- Numbered map of Hokkaido Prefecture single-member districts
- Prefecture: Hokkaido
- Proportional District: Hokkaido
- Electorate: 259,676 (2026)

Current constituency
- Created: 1994
- Seats: One
- Party: CRA
- Representative: Hiroshi Kamiya
- Created from: Portions of the former 2nd and 4th districts
- Subprefecture: Sorachi and Rumoi (plus portions of Kamikawa and Sōya)

= Hokkaido 10th district =

Japan House of Representatives constituency

Hokkaidō 10th district (北海道[第]10区) is a single-member electoral district for the House of Representatives, the lower house of the National Diet of Japan.

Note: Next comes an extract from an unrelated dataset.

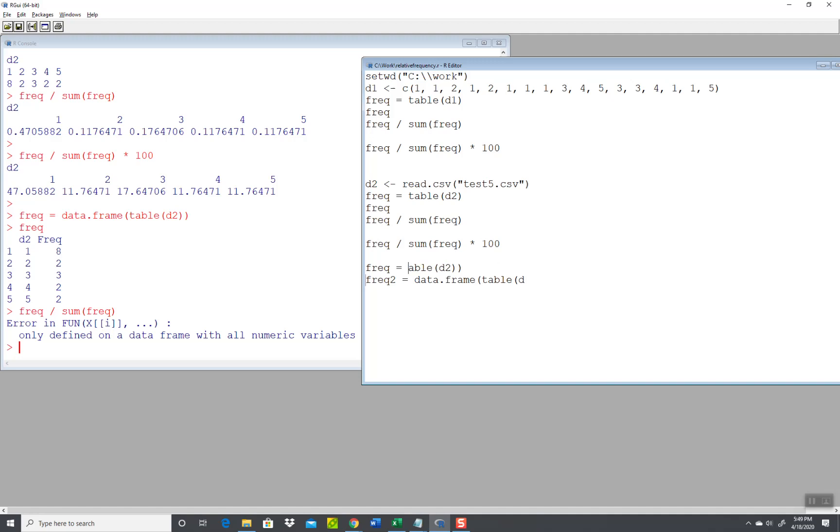Okay, frequency is table D2. And then data frame, I'm going to have frequency divided by sum of the frequency.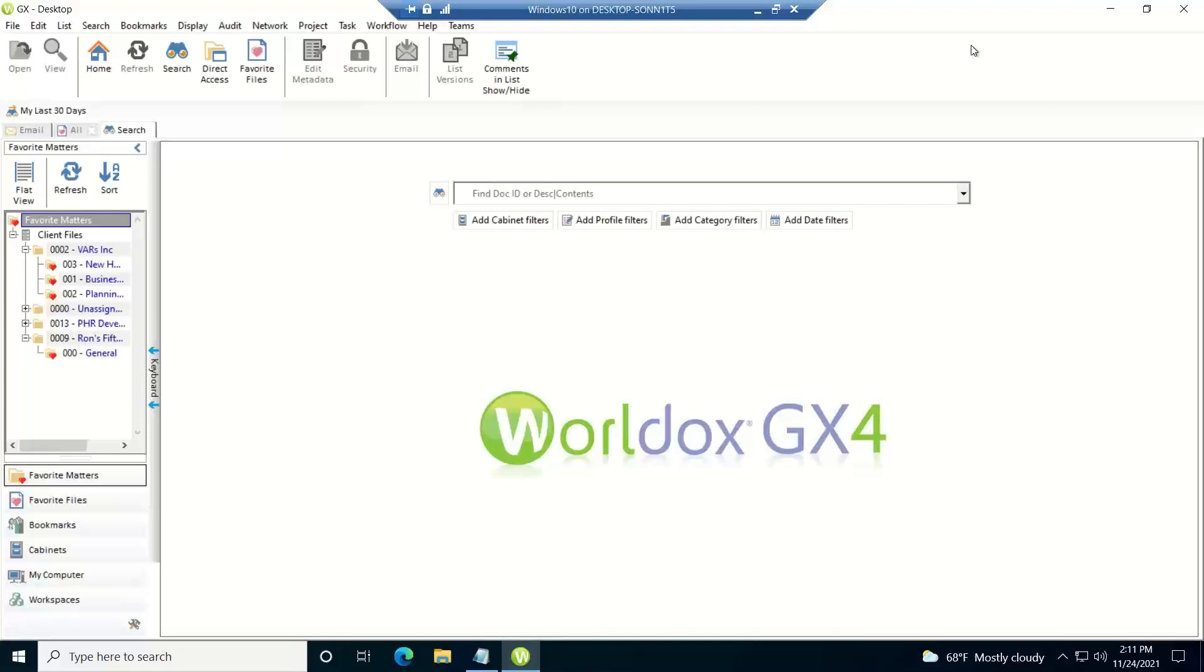There's three areas where you can conduct these searches using this syntax. One, if you're on a new search tab, you can use this search line right here.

The district is located in the prefecture (-dō) of Hokkaidō and represents the municipalities within Hokkaido's Sorachi and Rumoi subprefectures, as well as the towns of Horokanai (formerly within Sorachi, now a part of Kamikawa Subprefecture) and Horonobe (formerly within Rumoi, now a part of Sōya Subprefecture).

==History==

The district was created in 1994 when the current system of single-member districts was introduced and first contested in the 1996 general election. It was formed from portions of the former 2nd and 4th districts that had existed under the multi-member system since 1947. In 1996 the seat was won by Democratic Party of Japan member Tadamasa Kodaira, who had been one of the representatives of the former 4th district since 1990. Kodaira retained the seat at the following four elections, until his loss to Komeito candidate Hisashi Inatsu at the 2012 general election. Inatsu retained the seat in subsequent elections until 2024.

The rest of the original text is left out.